Input records: Begin
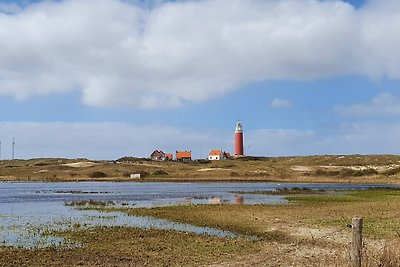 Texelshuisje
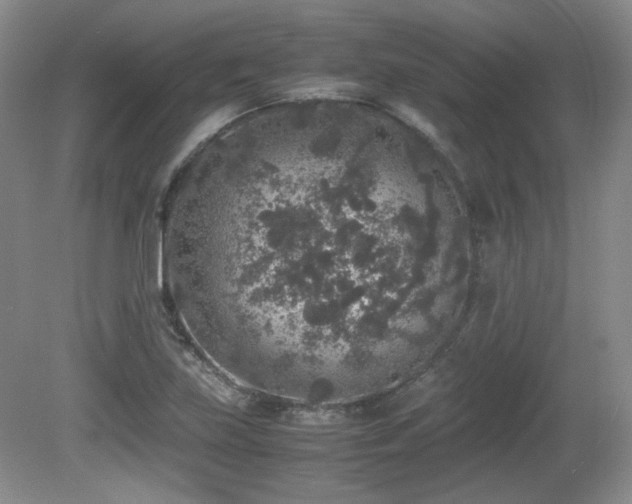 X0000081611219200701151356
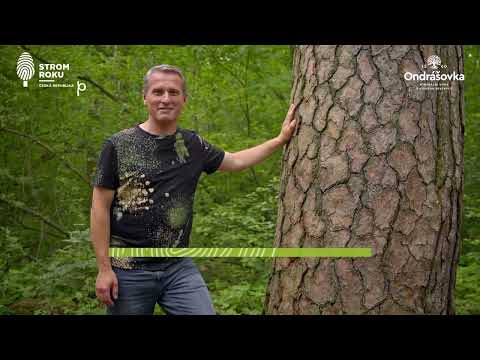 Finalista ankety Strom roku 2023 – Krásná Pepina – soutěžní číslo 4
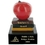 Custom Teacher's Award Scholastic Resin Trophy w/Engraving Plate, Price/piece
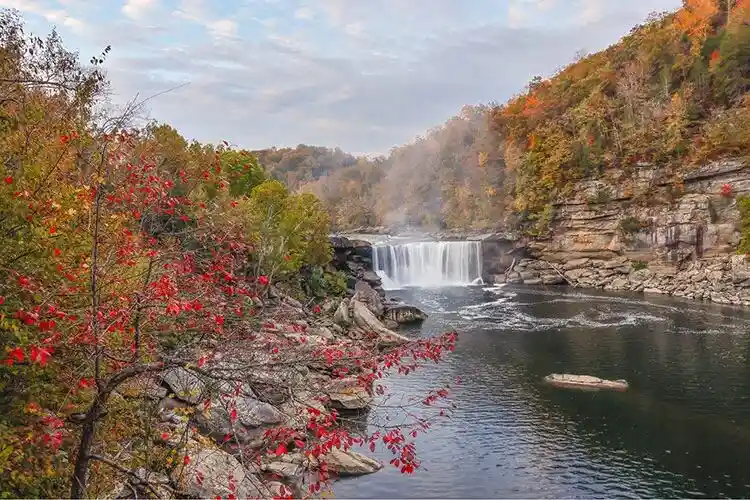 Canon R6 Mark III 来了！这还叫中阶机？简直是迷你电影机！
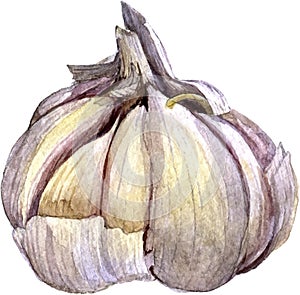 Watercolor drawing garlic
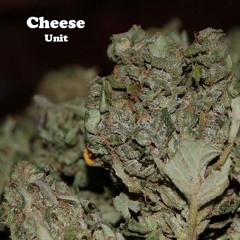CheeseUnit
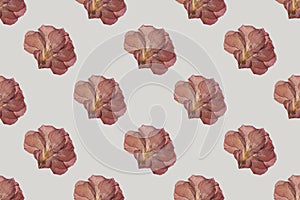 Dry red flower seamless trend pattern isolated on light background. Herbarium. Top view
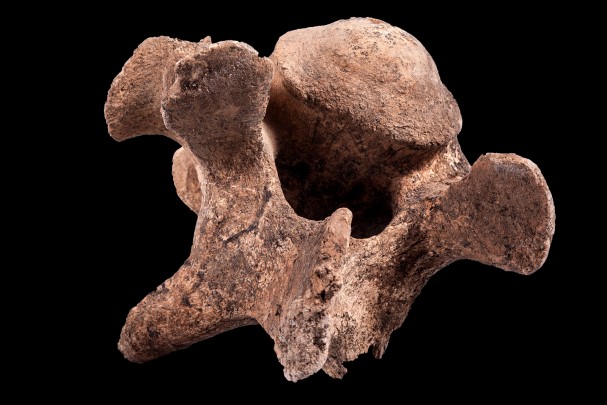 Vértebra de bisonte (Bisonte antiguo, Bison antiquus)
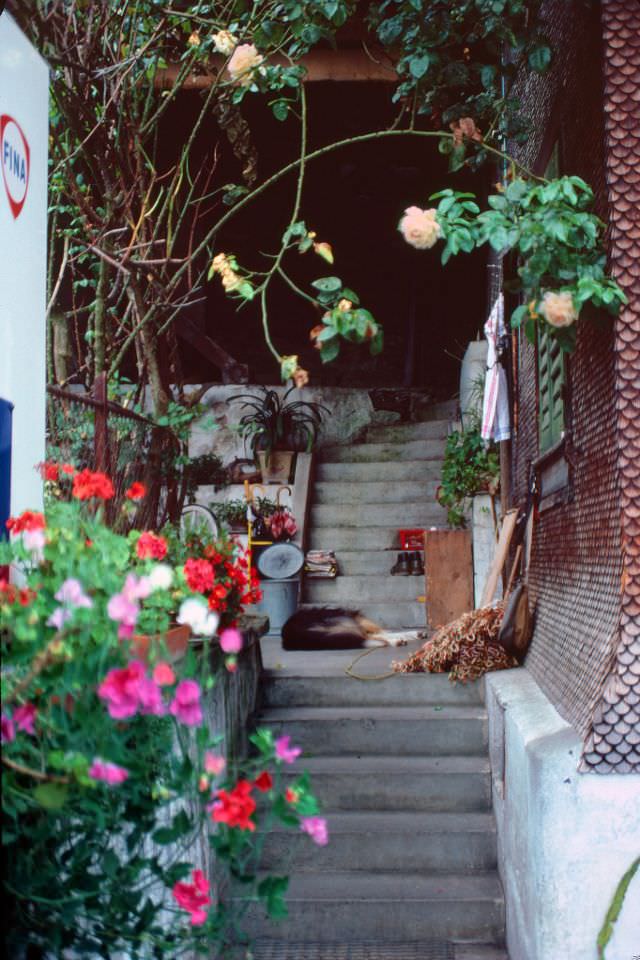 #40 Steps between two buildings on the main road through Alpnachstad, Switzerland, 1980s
Input records: End
Input records: Begin
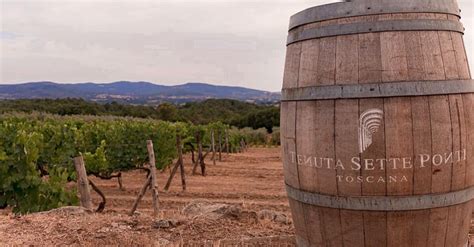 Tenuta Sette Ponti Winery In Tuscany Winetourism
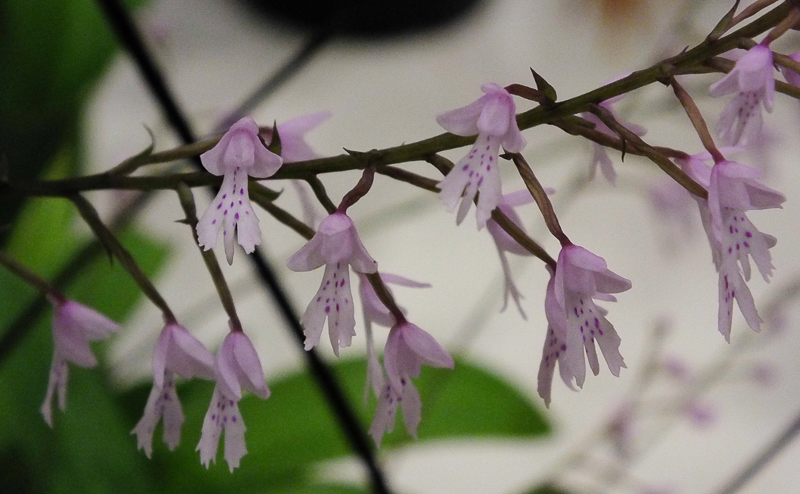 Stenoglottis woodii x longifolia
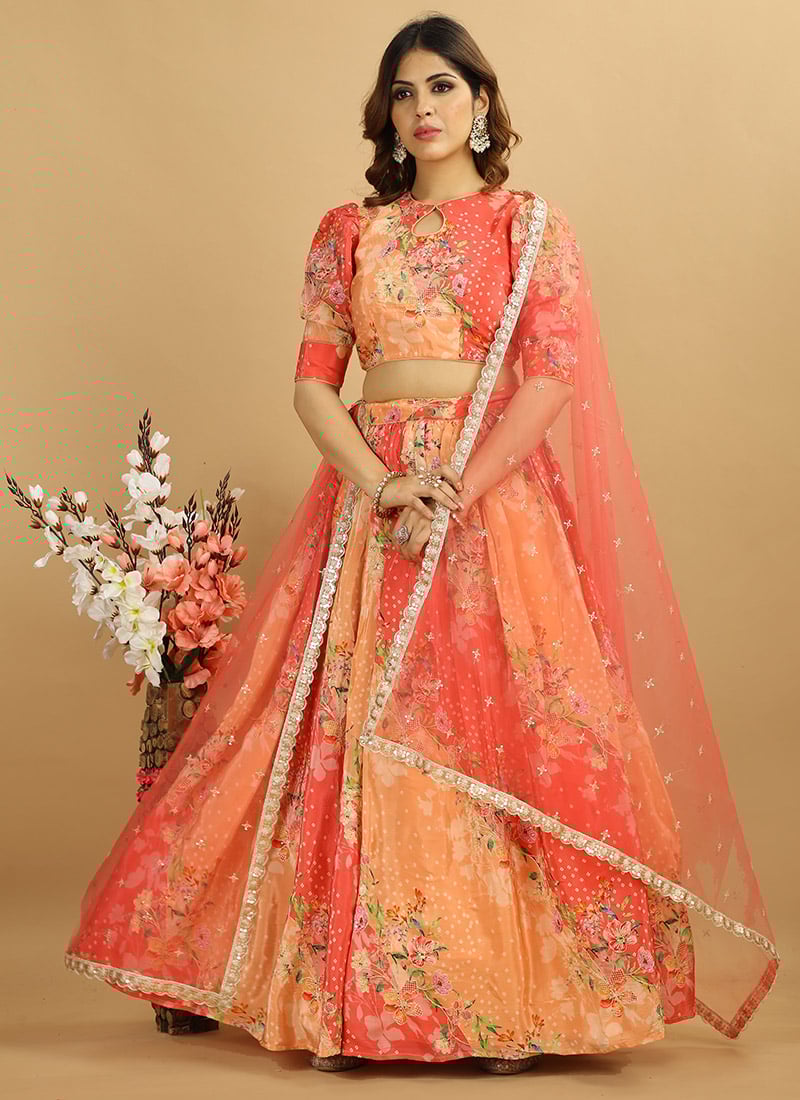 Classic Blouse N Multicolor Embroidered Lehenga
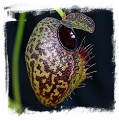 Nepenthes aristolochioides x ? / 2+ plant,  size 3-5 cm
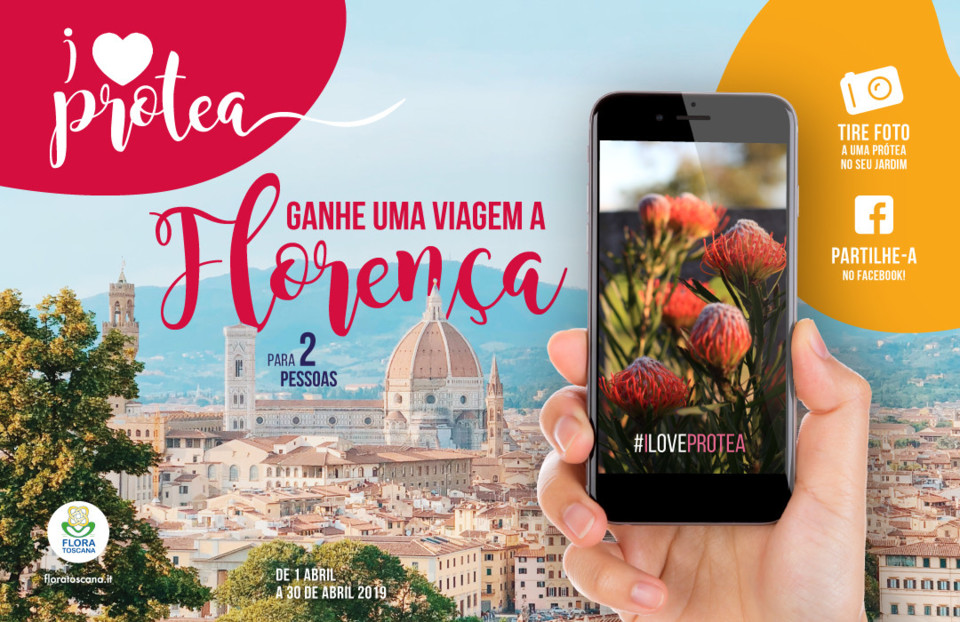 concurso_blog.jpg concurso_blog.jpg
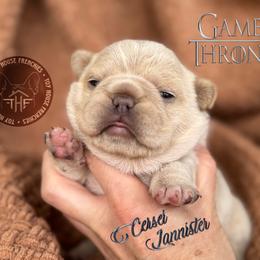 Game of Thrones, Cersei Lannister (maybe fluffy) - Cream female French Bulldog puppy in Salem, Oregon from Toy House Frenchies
Input records: End
Input records: Begin
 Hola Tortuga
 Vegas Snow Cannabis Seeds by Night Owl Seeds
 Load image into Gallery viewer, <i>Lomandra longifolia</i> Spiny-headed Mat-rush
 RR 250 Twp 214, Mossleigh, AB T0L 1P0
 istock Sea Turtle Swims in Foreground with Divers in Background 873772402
Input records: End
→ Task objective
Copy out the lines above from the line containing "Texelshuisje" through the line containing "#40 Steps between", exactly, and keep the pictures out.

→ Task output
 Texelshuisje
 X0000081611219200701151356
 Finalista ankety Strom roku 2023 – Krásná Pepina – soutěžní číslo 4
 Custom Teacher's Award Scholastic Resin Trophy w/Engraving Plate, Price/piece
 Canon R6 Mark III 来了！这还叫中阶机？简直是迷你电影机！
 Watercolor drawing garlic
CheeseUnit
 Dry red flower seamless trend pattern isolated on light background. Herbarium. Top view
 Vértebra de bisonte (Bisonte antiguo, Bison antiquus)
 #40 Steps between two buildings on the main road through Alpnachstad, Switzerland, 1980s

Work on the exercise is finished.